Italy’s Foreign Ministry said four of the hostages were Italians. Security sources said one of the others kidnapped was believed to be American, while the nationality of the sixth person could not be immediately established.
“The militants shot one navy personnel and compelled the crew to throw a rope down to give them access by using dynamite,” one security source said.
Industry sources said the vessel, called Oloibiri after Nigeria’s first oil well, is operated by U.S. energy giant Chevron.
The overnight attack forced Chevron to shut down output at a small offshore oilfield.
“We have shut down 15,000 barrels per day from the Funiwa oilfield,” a company spokesman said in London.

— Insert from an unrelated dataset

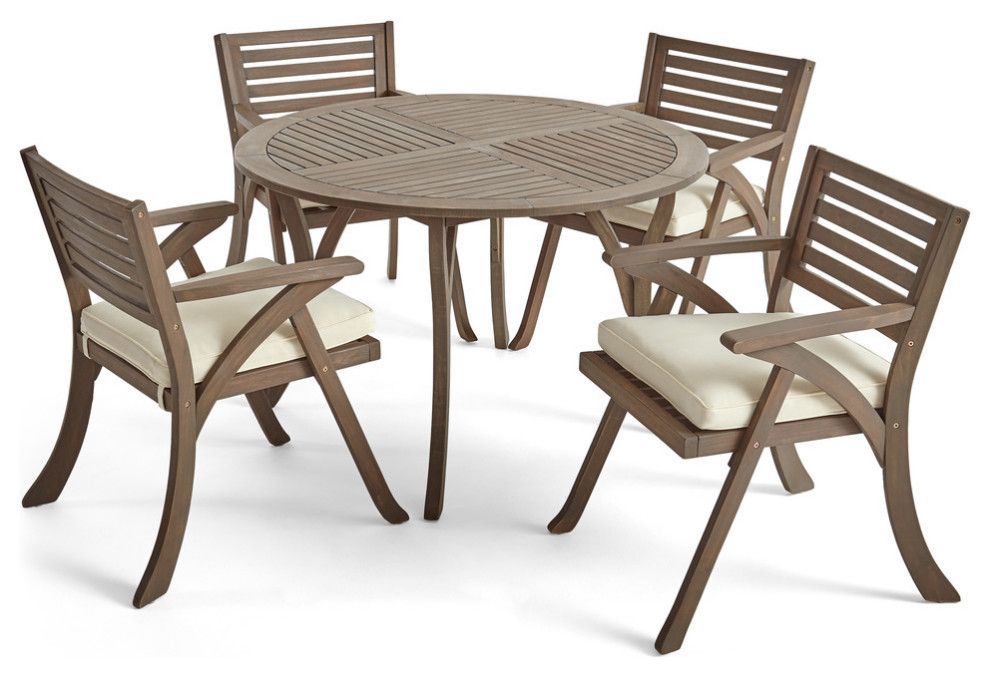 Chloe Outdoor 5 Piece Acacia Wood Dining Set With Round Table ... intended for Chloe Outdoor 5 Piece Acacia Wood Dining Set With Round Table, Gray/Creme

Nigeria’s oil output has been reduced by 500,000 barrels per day, or a fifth of production capacity, since a series of raids on Royal Dutch Shell oilfields in February last year forced their closure.
In a separate incident, unidentified gunmen abducted the mother of Rivers state governor-elect Celestine Omeiha from her village near Africa’s oil heartland of Port Harcourt.
“We have not yet established contact with the kidnappers so we don’t know the reason why they took her,” Rivers state police commissioner Felix Ogbaudu told Reuters.
The abduction is apparently a fall-out from the April 14 state elections — which monitors said were marred by fraud — because Niger Delta militants rarely kidnap Nigerians.
FREELANCE KIDNAPPERS
In the Niger delta, an increasing number of armed groups demanding jobs, benefits or control of oil revenues have attacked industry facilities, kidnapped expatriate staff and fought with security forces.
But the lines between militancy and crime are blurred in the delta, a vast wetlands in southern Nigeria that accounts for all oil production from the world’s eighth biggest exporter.
Some armed groups have taken hostages to press political demands but numerous “freelance” kidnappers have seized foreigners to extract cash from their companies or from government.
Gunmen kidnapped two Turkish engineers from their car in Port Harcourt on April 7. The men were working on a project for Merpa, a contractor to Italian oil company Agip.
Most hostages are released unharmed after a few days although some have been kept in captivity for a few months and two have been killed in failed attempts by troops to free them.
Thousands of foreign workers and their relatives have fled the Niger Delta since the start of a wave of attacks on oil facilities and kidnappings of foreigners in late 2005.
The violence in the delta is fed by poverty and frustration at the lack of benefits for local people from an industry that has polluted their lands, air and water for five decades.